REQUIREMENT: Transcribe exactly the line with "Fireplace Rebuild Corona Laurelwood - CA" and each line that follows it in the listing, down to the last, omitting all pictures.

EXERCISE DATA:
........

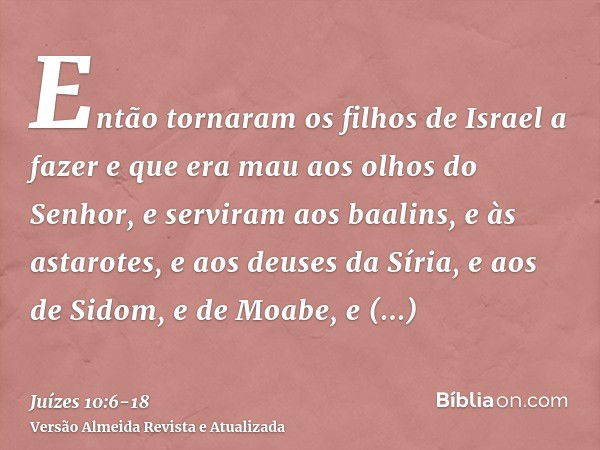 Então tornaram os filhos de Israel a fazer e que era mau aos olhos do Senhor, e serviram aos baalins, e às astarotes, e aos deuses da Síria, e aos de Sidom, e d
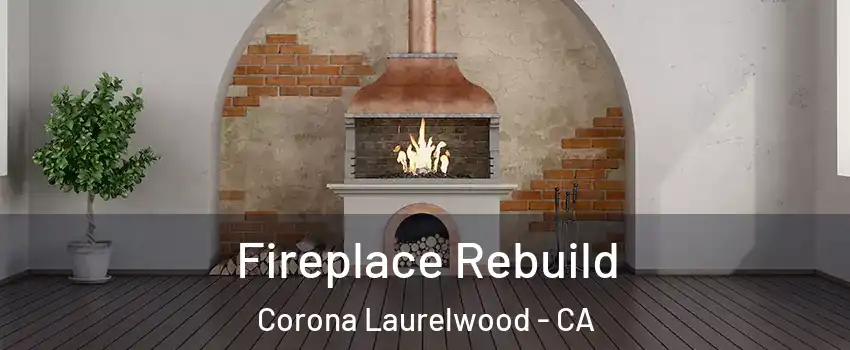 Fireplace Rebuild Corona Laurelwood - CA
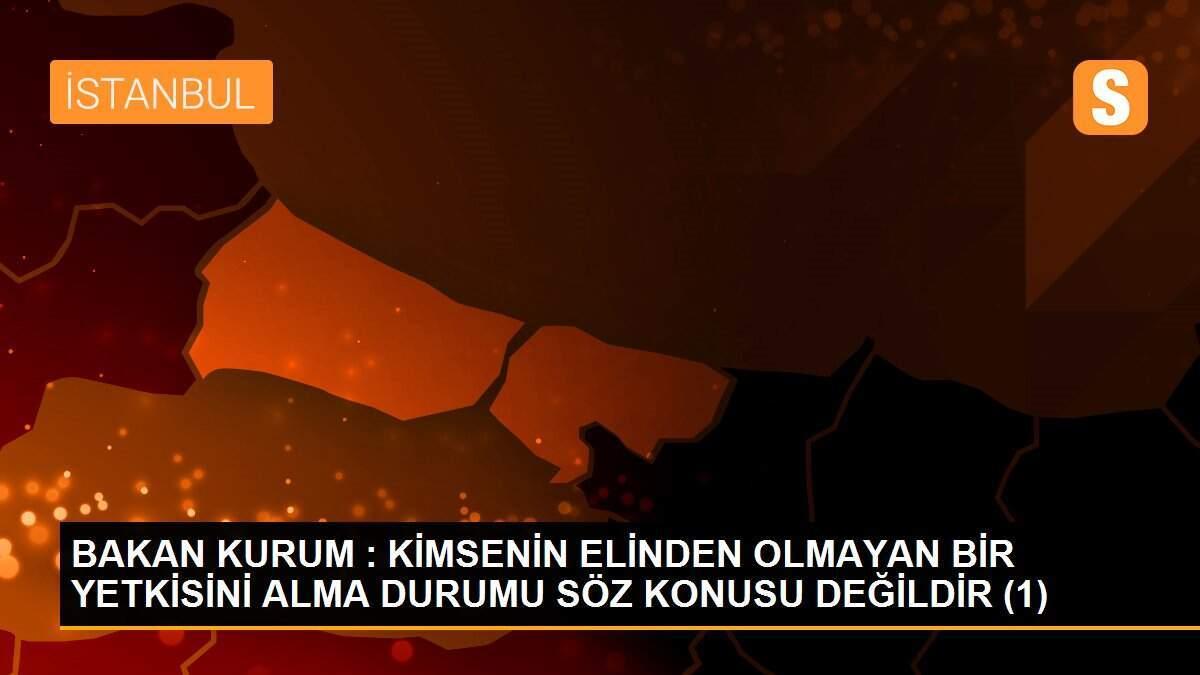 BAKAN KURUM : KİMSENİN ELİNDEN OLMAYAN BİR YETKİSİNİ ALMA DURUMU SÖZ KONUSU DEĞİLDİR (1)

........

EXERCISE RESPONSE:
 Fireplace Rebuild Corona Laurelwood - CA
 BAKAN KURUM : KİMSENİN ELİNDEN OLMAYAN BİR YETKİSİNİ ALMA DURUMU SÖZ KONUSU DEĞİLDİR (1)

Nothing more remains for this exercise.